The group also stated that the spending cap is just one of four overlapping budget restrictions that were “purposely written to be hard to change.” (Yes — on purpose, for a reason. That’s called financial responsibility.) However, TCP’s statements fails to understand that the spending cap does grow by either the previous year’s urban inflation rate or the average growth in personal income over the past five years.
In short, the spending cap limit is not static as TCP tried to insinuate.
Still, TCP argues that because lawmakers didn’t spend all the way up to the cap during the 2017–2019 budget cycle, today’s spending limit is $1.8 billion lower than it could have been. In other words, fiscal restraint back then is now being framed as a policy failure. And they’re not shy about what they’d do with that $1.8 billion: spend every penny.
“That’s crucial money the state could be using to invest in critical services that help families stay afloat during our cost-of-living crisis,” the group wrote.
The state, meanwhile, has benefited from its fiscal restraint with a current surplus of more than $1.5 billion, which, in turn, is paying down the $80 billion pension debt. Yet TCP is arguing the surplus should be, instead, spent immediately on “early childhood education and emergency rental assistance,” and whatever other priorities the activist class decides are “critical” this month.
In its statement, the group also warned that a “$1 billion budget cliff” is coming in 2026 when federal pandemic funds run out — unless lawmakers take action now to undo the spending caps and keep the money flowing.

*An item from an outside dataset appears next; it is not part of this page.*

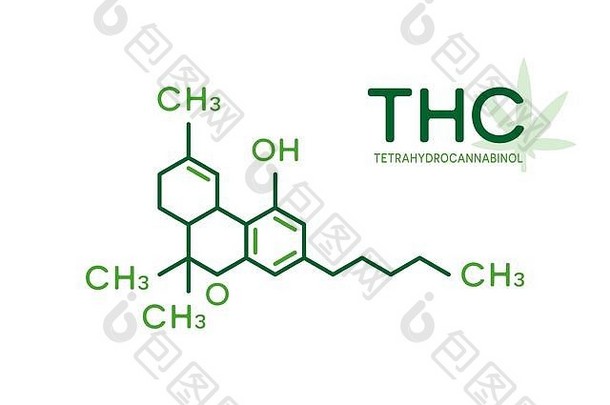 THC分子式。白色背景上的四氢酚分子结构。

“The rules can’t be solved with a temporary patch to one cap,” they declared. “Lawmakers must thoughtfully and responsibly fix the rules to create a budget that works as hard for the people of this state as we do.”
Leave it to Connecticut’s progressive policy crowd to treat surpluses, shrinking debt, and a glimpse of long-term solvency as a problem — not because the policies that produced them failed, but because they worked.
And progressive activists can’t stand it.
Apparently, no amount of spending is ever enough — unless it’s all of it.
Give them a dollar, and they’ll demand five more. Promise restraint, and they’ll call it cruelty. Deliver a surplus, and they’ll treat it as a missed opportunity to grow government.
The guardrails were designed to withstand this kind of pressure. The real test is whether Connecticut’s elected officials will.